Mentre perfino Donald Trump, nel bel mezzo del vertice con Kim a Hanoi, trova il tempo di ringraziare con un tweet Fca per i 4,5 miliardi di dollari di investimenti e i 6.500 nuovi posti di lavoro per la nuova fabbrica a Detroit, in Italia tocca accontentarsi. Il piano di investimenti totali per l’Italia è simile a quello della sola Detroit. A Pomigliano l’azienda ha annunciato nuovi lavori allo stabilimento – al reparto verniciature – che hanno fatto subito gridare alla messa in produzione del nuovo Suv Alfa, ma al momento non c’è nessun impegno formale e soprattutto non c’è una data per la messa in produzione mentre al Giambattista Vico il contratto di solidarietà scadrà a settembre.

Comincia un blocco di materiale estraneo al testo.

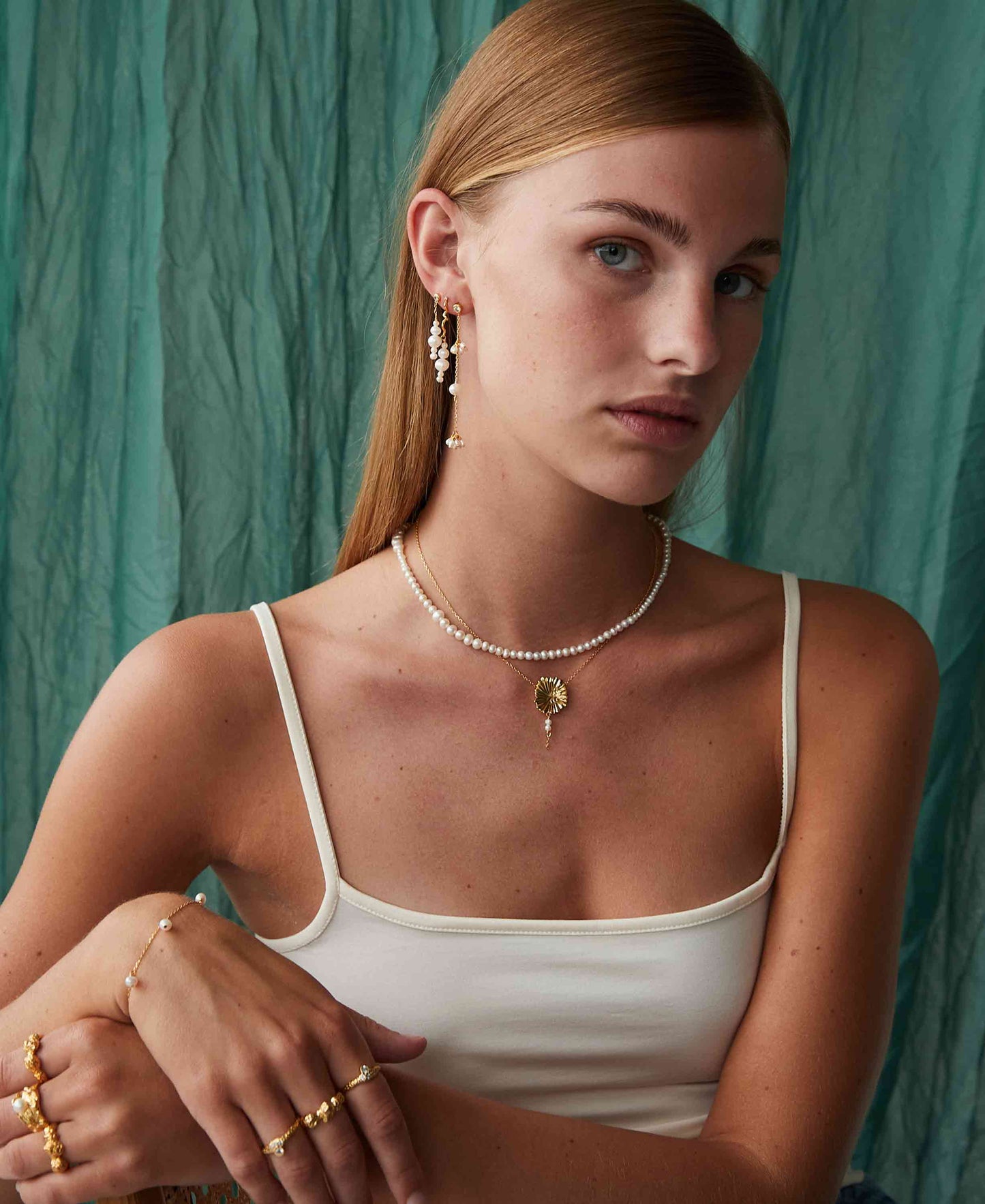 — jewellery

Il giorno dopo la rottura fra Fca e Fiom al tavolo – ancora in apartheid – sono gli altri sindacati a farsi sentire. Preparando il terreno alla firma dell’ennesimo contratto separato che potrebbe arrivare già mercoledì prossimo. Ieri sono arrivate dichiarazioni incendiarie da parte del segretario della Fim Marco Bentivogli. Dopo aver difeso Fca su Detroit – «Per chi conosce imprese e lavoro, gli stabilimenti in Michigan andavano rifatti da tempo perché molto più indietro anche di Pomigliano», peccato che si tratti di una fabbrica nuova – Bentivogli ha attaccato la Fiom: «La rottura era attesa, con loro avevamo atteso 7 mesi, fatto incontri per trovare una sintesi comune, da un giorno all’altro abbiamo visto la loro piattaforma sul loro sito nazionale». In realtà il tentativo di presentare una piattaforma unitaria era saltato per la richiesta di Fim e Uilm di riconoscere (e firmare) il contratto precedente, inaccettabile per la Fiom.

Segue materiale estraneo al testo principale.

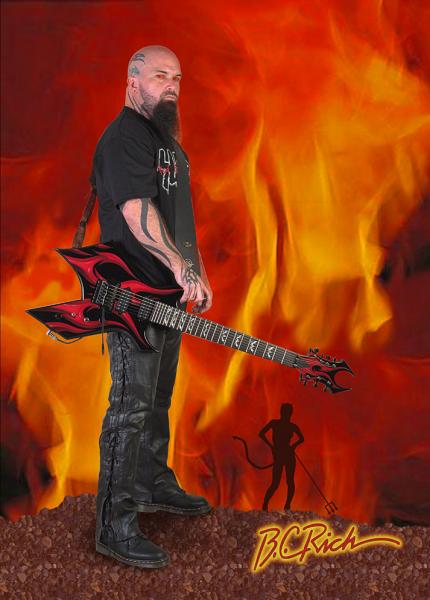 from hell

Più pacata la reazione della Uilm. «Siamo sempre rammaricati quando un percorso di collaborazione non va a buon fine – spiega il segretario nazionale con delega all’auto Gianluca Ficco -. Andiamo avanti negli interessi dei lavoratori, il 5 e il 6 cercheremo di chiudere anche se Fca ci chiede molto sul capitolo malattie e codice disciplinare, mentre noi abbiamo chiesto un aumento sulla paga base del 10 per cento in 4 anni. Se non riuscissimo a chiudere e a firmare il contratto si aprirebbero problemi complessi», pronostica Ficco. La Uilm poi concorda con la richiesta della Fiom di un tavolo ministeriale sul futuro dell’intero settore dell’auto. «Invece che incaponirsi su una battaglia folle per l’elettrico che favorirà solo i gruppi asiatici che sono molto più avanti di Fca, il governo dovrebbe riunire tutti gli attori dell’automotive e noi sindacati per decidere quale strada imboccare per il futuro specie in questo momento in cui nessuno sa prevedere come andrà il mercato e, ad esempio, quante 500 elettriche saranno vendute a Mirafiori», conclude Ficco citando lo stabilimento italiano più in difficoltà.

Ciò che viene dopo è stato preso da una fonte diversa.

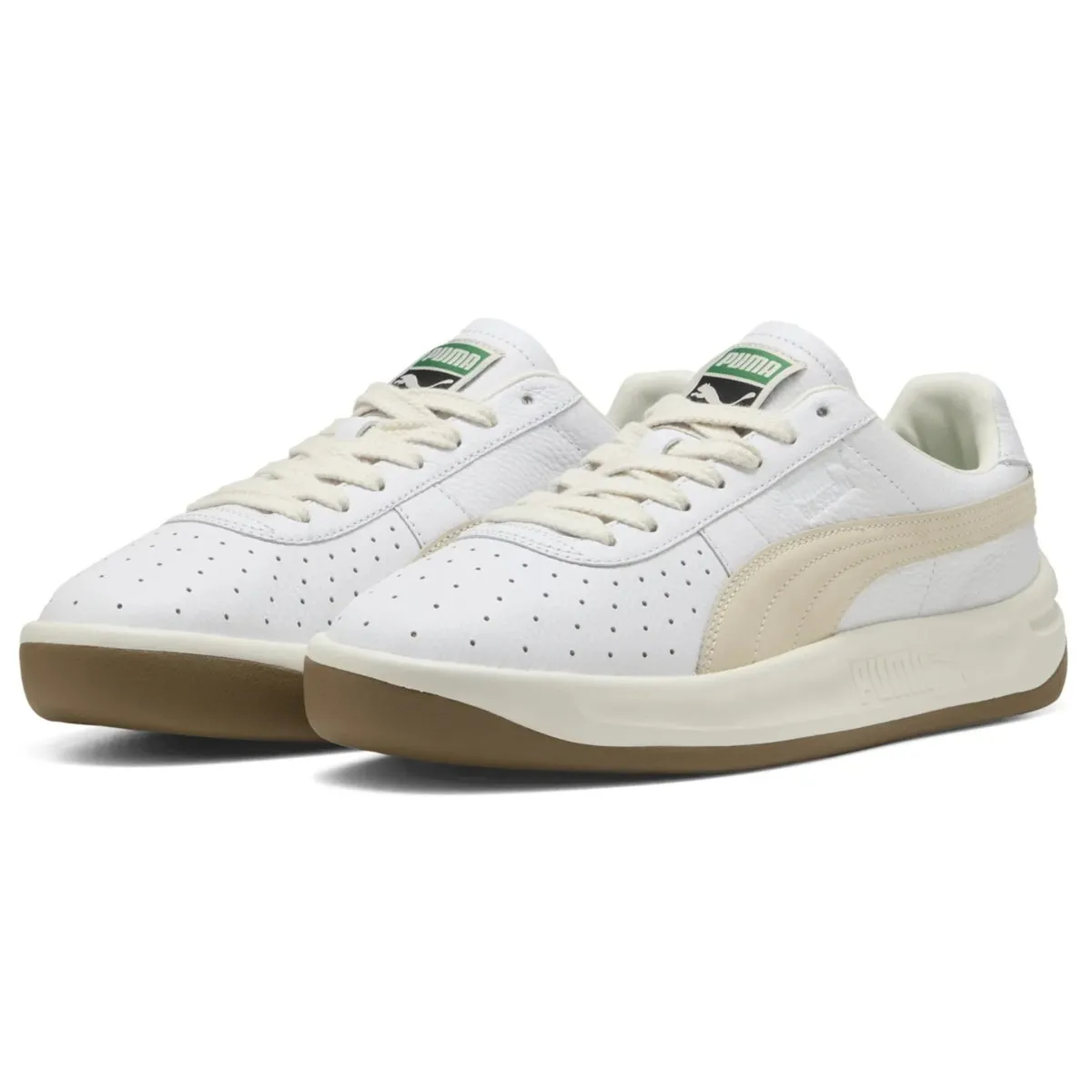Puma GV Special Base Blanc Homme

E sempre ieri è stato il responsabile Relazioni industriali di Fca Pietro De Biasi a confermare i numeri e i timori nell’audizione alla Camera in commissione lavoro. Se De Biasi ha confermato che ben «il 90% degli utili di Fca sono realizzati nel mercato Nafta dove gli Stati Uniti giocano la parte del leone», la previsione sugli impatti occupazionali del «processo irreversibile verso il motore elettrico» «con la carenza di infrastrutture dedicate all’auto elettrica e la «presenza di un mercato in Italia dello 0,5%, con una media Ue al 2%», potrebbero tradursi in un «impatto occupazionale significativo su tutta la filiera», ha aggiunto citando alcuni dati di uno studio tedesco. «Un impatto negativo che non si avrebbe invece – ha concluso De Biasi – con il passaggio a veicoli ibridi».